Vai ser difícil encontrar uma resposta que concilie a necessidade de uma fronteira pouco rígida entre as duas Irlandas, como é desejado por ambos os lados, e a exigência britânica de fecho de fronteiras à imigração e ao movimento livre de pessoas. Uma só Irlanda unificada também não parece muito provável — uma sondagem, citada pela CNN e realizada pelo instituto IPSOS em setembro na Irlanda do Norte, não mostrava grande apoio por essa solução.
Quanto a Gibraltar, o pequeno enclave britânico na Península Ibérica, a situação não é menos delicada. Quando há poucas semanas um antigo líder do partido conservador britânico trouxe à baila a ideia de uma guerra entre Espanha e o Reino Unido — “Há 35 anos, outra primeira-ministra mulher enviou uma armada para o outro lado do mundo para defender a liberdade de outro pequeno grupo de britânicos contra outro país hispanófono, e estou certo de que a nossa atual primeira-ministra mostrará a mesma capacidade de defender o povo de Gibraltar” — o caso rapidamente se tornou mais dramático. O Conselho Europeu respondeu de forma perentória: Espanha vai ter de concordar com qualquer solução encontrada para Gibraltar entre os negociadores de Bruxelas e os britânicos.
Quem sai primeiro paga a conta
Este é considerado um dos pontos mais divisivos dos documentos preliminares que já são conhecidos, mas parece ser também um dos mais certos. A Comissão Europeia quer que o Reino Unido pague não só as obrigações financeiras que ainda tem para com a União Europeia, estimadas em perto de 60 mil milhões de euros, mas também os próprios custos do processo de saída.

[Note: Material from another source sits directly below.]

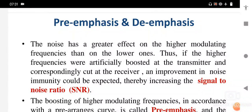The pre-emphasis circuit is used at the transmitter section. Another circuit called de-emphasis — the inverse process of pre-emphasis — is used at the receiver. The de-emphasis circuit is a low-pass circuit, and its process is the reverse of pre-emphasis.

Os custos podem incluir mesmo as deslocações dos negociadores para reuniões sobre os termos do Brexit. “O Reino Unido deve cobrir totalmente os custos associados ao processo de retirada, incluindo a relocalização de agências ou outras instituições da União”, lê-se no documento acedido pelo Politico. Agências essas, como a do Medicamento e a autoridade bancária, que vão sair de Londres, por muito que os líderes britânicos peçam o contrário.
O deputado britânico Ben Bradshaw, do partido Trabalhista, criticou duramente a exigência de retirar as agências europeias de Londres, a que chamou um “pontapé nos dentes dos contribuintes britânicos”. Para Bradshaw, “o Governo deveria estar a lutar com unhas e dentes para manter estes empregos no Reino Unido, e para evitar problemas regulatórios ao procurar manter o Reino Unido nas agências que ajudam o nosso país”.
Quando se discute o acordo comercial?
Mais um tema em que cada lado puxa ferozmente para o que mais lhe convém. Theresa May, na sua carta enviada às autoridades europeias em que acionou oficialmente o Artigo 50 para dar início ao processo de saída da União Europeia, mencionou quatro vezes em seis páginas que “a parceria futura” deveria ser negociada ao mesmo tempo que a saída da União Europeia. Mas a Comissão e o Conselho Europeu discordam — e não é pouco.
Os documentos divulgados mostram que os termos da saída do Reino Unido devem estar acordados e escritos a caneta antes que se comece a falar na estrutura de uma futura relação comercial, que se espera tomar a forma de algum tipo de acordo de comércio livre.
“O Reino Unido agora está do outro lado da mesa das negociações”, disse recentemente Donald Tusk num encontro em Malta. “Quando, e apenas quando tivermos conseguido progresso suficiente na saída é que poderemos discutir as linhas diretivas da nossa futura relação”, concluiu, acrescentando que “provavelmente em outubro — ou pelo menos é o que se espera” estivesse concluída a primeira fase de negociações. Por agora, tudo começa este sábado, com os líderes dos 27 e algumas posições que quase certamente não vão mudar.